Chinese Drywall Said to Be in CanadaAug 18, 2009 | Parker Waichman LLP
Chinese drywall problems may not be confined to the U.S. Earlier this year, various media outlets reported that some homeowners in Canada had also been complaining about odors and other problems associated with Chinese drywall.
In the U.S., consumers in 24 states have filed a total of 877 Chinese drywall complaints with the Consumer Products Safety Commission. Most complaints have come from Florida (658) and Louisiana (105). Other states with Chinese drywall reports include: Alabama, Arizona, California, Georgia, Indiana, Kentucky, Louisiana, Massachusetts, Michigan, Mississippi, Missouri, New Jersey, New York, North Carolina, Ohio, Pennsylvania, South Carolina, Tennessee, Texas, Virginia, Washington, Wisconsin and Wyoming.
Chinese drywall poured into the U.S. between 1999 and 2007 because of the high demand created by the housing boom. Imports accelerated when the rebuilding that followed Hurricane Charley in Florida in 2004, and Hurricane Katrina along the Gulf Coast in 2005, created a drywall shortage.
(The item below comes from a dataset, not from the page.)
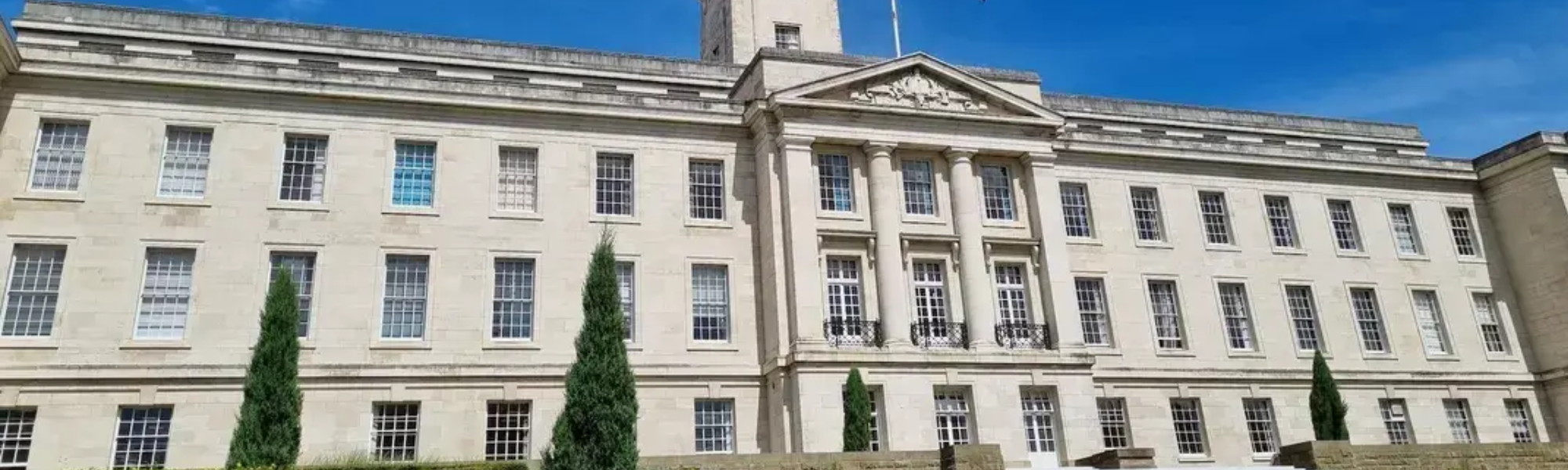 Can I use an alternative gown supplier for Nottingham University?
Though there was no comparable shortage in Canada at that time, it does appear that Chinese drywall was imported into that country through Vancouver. In May 2009, various Canadian media outlets reported that about a dozen homeowners in Metro Vancouver had experienced health problems possibly caused by the drywall. The complaints were reportedly coming from Surrey, Richmond, Burnaby and West Vancouver.
Published estimates said as much as 929,000 square meters of Chinese drywall arrived in Canada through Vancouver between 2001 and 2007. In addition to lower British Columbia, some Chinese drywall may have been shipped to Canada's Prairie Provinces and as far east as Toronto.
According to a report in the Canada's Journal of Commerce, any drywall that entered the country would have been required to be certified by the Canada Standards Association. One builder told the publication that if Chinese drywall had entered Canada, it would have been "unsanctioned" or possibly "black market" activity.
For months now, we have reported on homeowner complaints regarding Chinese drywall. Gases emitted from the drywall are being blamed for significant property damage, including damage to HVAC systems, smoke detectors, electrical wiring, metal plumbing components, and other household appliances. These gases also produce a sulfurous odor, similar to fireworks or rotten eggs, that permeates homes, and cause metals, including air conditioning coils and even jewelry, to corrode.
The Chinese drywall epidemic has spawned scores of product liability lawsuits across the U.S. Six hundred of those cases have been consolidated in the Chinese-Manufactured Drywall Products Liability Litigation (MDL No. 2047) currently underway in U.S. District Court, Eastern District of Louisiana. U.S. District Judge Eldon E. Fallon is presiding over the litigation, and it is expected that the first Chinese drywall trials will begin before the end of the year.